Gilles Mével: Reflets, Vietnam
Del dipinto di Mével conosciamo la datazione e la tecnica, individuiamo il soggetto che si palesa attraverso il figurativismo, ma ignoriamo la precisa location in cui esso prende vita e forma, valorizzando il tema del doppio, che viene quadruplicato dalla presenza dei riflessi dell’acqua di una tipica risaia vietnamita. Per soddisfare la mia e la vostra curiosità ho fatto delle ricerche online, cercando sui siti di note agenzie di viaggio, al fine di giungere ad una ipotetica conclusione: probabilmente, Vietnam è stato ambientato nella regione del Mu Cang Chai, zona settentrionale del paese in questione, che è considerata una dei granai più importanti del paese, in quanto ospita i campi di riso a terrazze tra i più vasti e pittoreschi di tutta l’Asia. In questa meta la maggior parte del turismo di massa giunge a Sapa, che, situata vicino al confine con la Cina, gode di paesaggi spettacolari, tranquilli e autentici. A proposito della storia dell’arte invece, la tavolozza di colori usata dall’artista di Artmajeur mi ha subito fatto pensare a Sai Son Landscape (1970) di Nguyen Tien Chung (1914 - 1976), pittore vietnamita che ha vinto il Premio Ho Chi Minh per la Letteratura - Arte nel 2000. Proprio come i soggetti di Vietnam, molti dei capolavori di Nguyen Tien Chung raffigurano contadini e lavoratori estremamente impregnati di identità nazionale, rivelandoci però una netta differenza: nel caso di Sai Son Landscape un vietnamita guarda ai cliché del suo paese, mentre, per quanto riguarda l’opera dell’artista di Artmajeur, il punto di vista in questione viene dalla Francia.

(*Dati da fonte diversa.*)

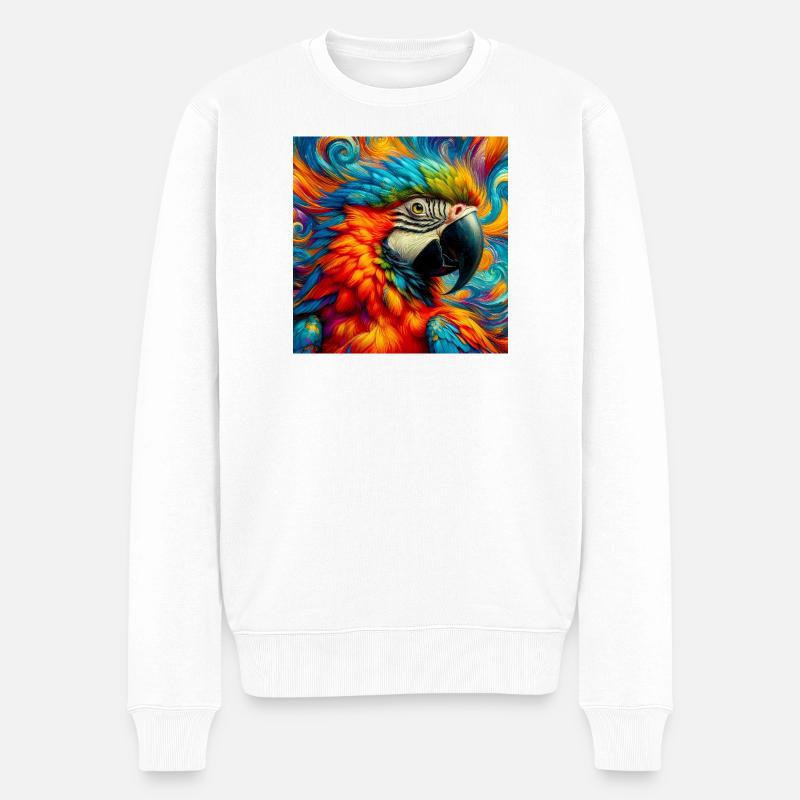 perroquet - Pull Premium bio Homme - blanc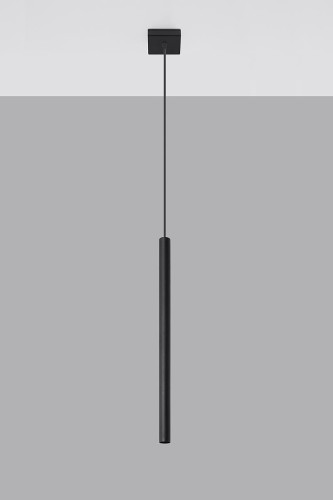 Sollux Lighting Lampa wisząca PASTELO 1 czarna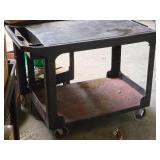 Plastic Utility Cart 44" x 24" x 32" 2-tier Plastic Utility Cart 44" x 24" x 32" 2-tier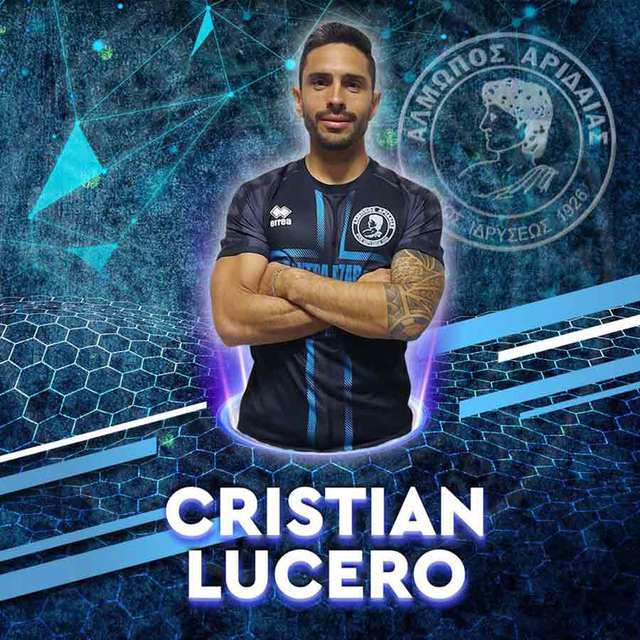 Την συμφωνία της με τον ποδοσφαιριστή Cristian Lucero ανακοίνωσε ο Αλμωπός Αριδαίας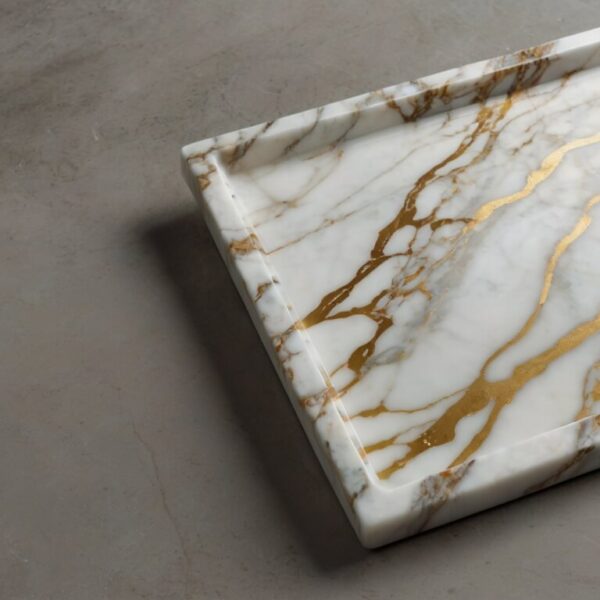 Calacatta Borghini Marble Tray - Image 4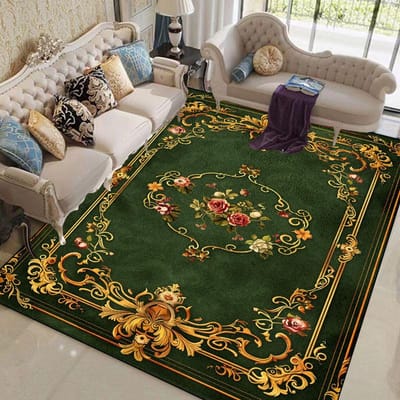 Europese Bloementapijten voor Woonkamer Plantenpatroon Decoratie Tapijt Huis Bankgebied Voetmat Slaapkamer Antislip Zachte Grote Kleden 80*120cm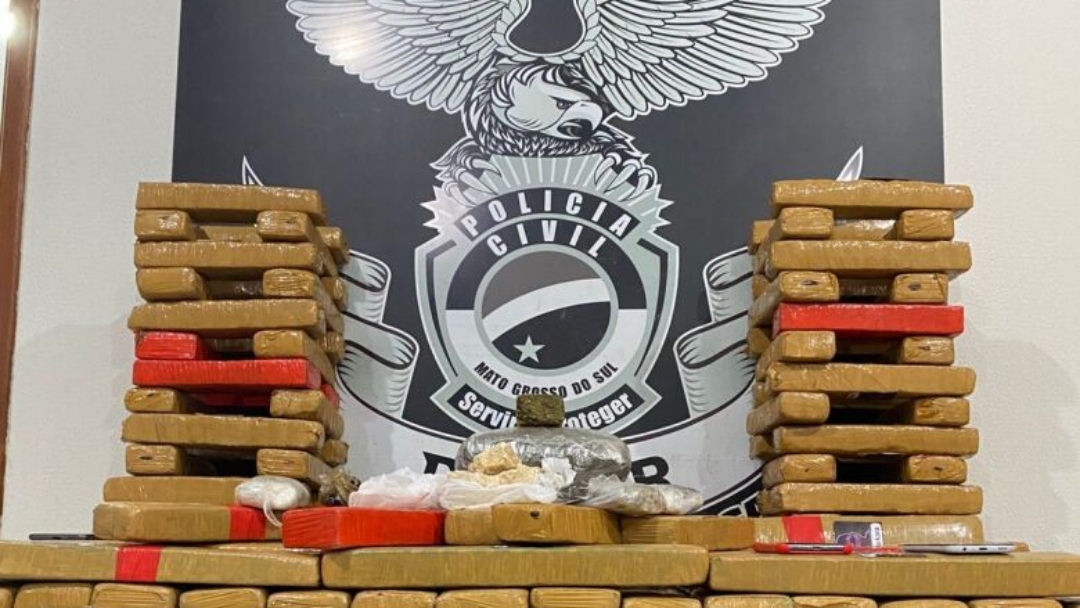 Operação desmantela depósito de drogas em Campo Grande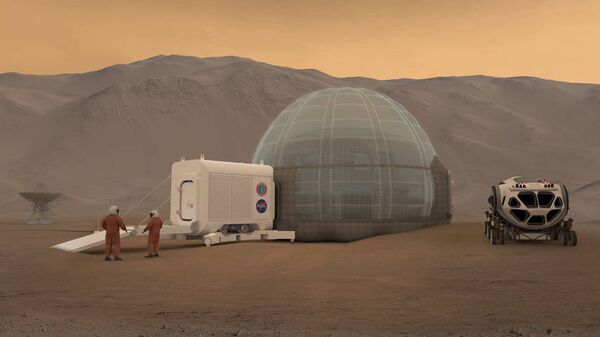 Проект возможной жизни на Марсе. Архивное фото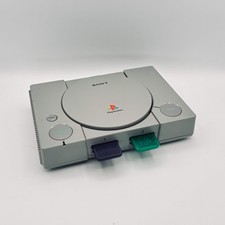 Sony PlayStation 1 (SCPH-1001) Gray w/ 2 external memory cards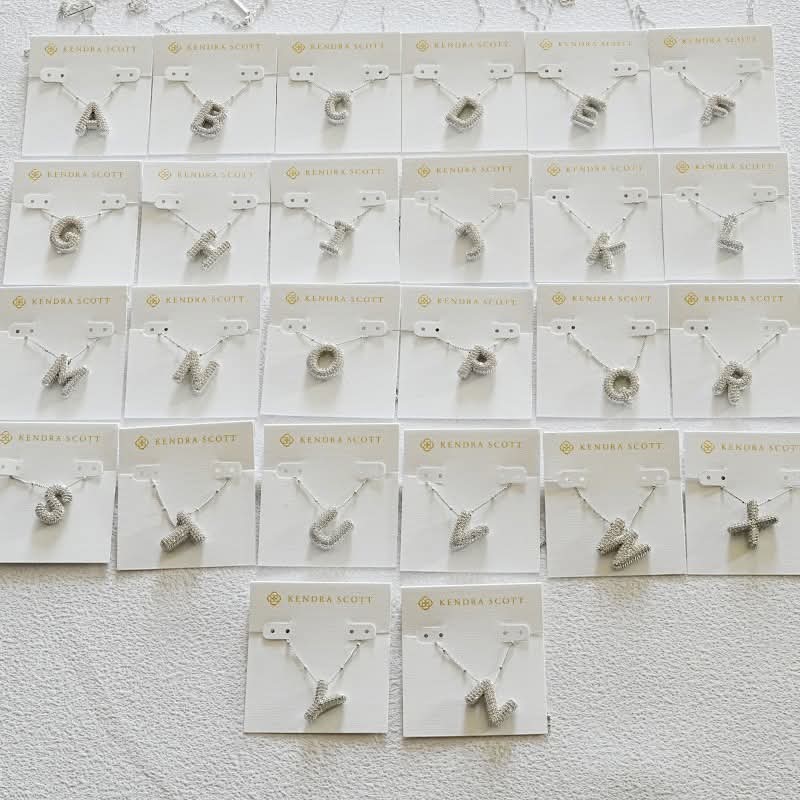 K Scott initial necklace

Vincent Villars, Paesaggio vietnamita , 2001. Olio su tela, 85 x 105 cm.
Vincent Villars: Paesaggio vietnamita
Cosa sarebbe accaduto se Matisse e Gauguin avessero visitato il Vietnam? A questa domanda risponde, in maniera ipotetica, originale e azzardatissima, Vietnamese landscape di Villars, volto a collocare un personaggio tradizionale in un rosso “analogo” a The Dessert: Harmony in Red (1908), cromia all’interno della quale egli assume le pose adagiate di Donne di Tahiti sulla spiaggia (1891), riportandoci all’esempio dell'École Supérieure des Beaux-Arts de l'Indochine e, di conseguenza, a quel vento d’influenze dell’arte occidentale spirato, anche successivamente, sulla tradizione figurativa vietnamita. Di fatti, a questo punto, mi vengono in mente proprio due maestri del Vietnam, i cui punti di vista sono stati probabilmente influenzati, in alcune delle loro manifestazioni artistiche, dalla produzione figurativa delle avanguardie novecentesche, ovvero: Hoàng Hồng Cẩm e Công Quốc Hà. Il primo dei due, classe 1959, è stato un pittore che ha manifestato affinità con la corrente dell’espressionismo, soprattutto quando si è dedicato alla raffigurazione di volti in primo piano, mentre, per quanto riguarda prospettive più ampie, egli ha spesso integrato quanto sopra con spunti di riflessione prettamente astratti. A proposito di Công Quốc Hà, invece, il maestro, classe 1955, è uno dei più noti pittori di lacche, che, proprio con il suo punto di vista unico e innovativo, ha dato nuova linfa vitale all’arte tradizionale vietnamita, presentando affinità, talvolta, con i punti di vista dell’arte “naïf”.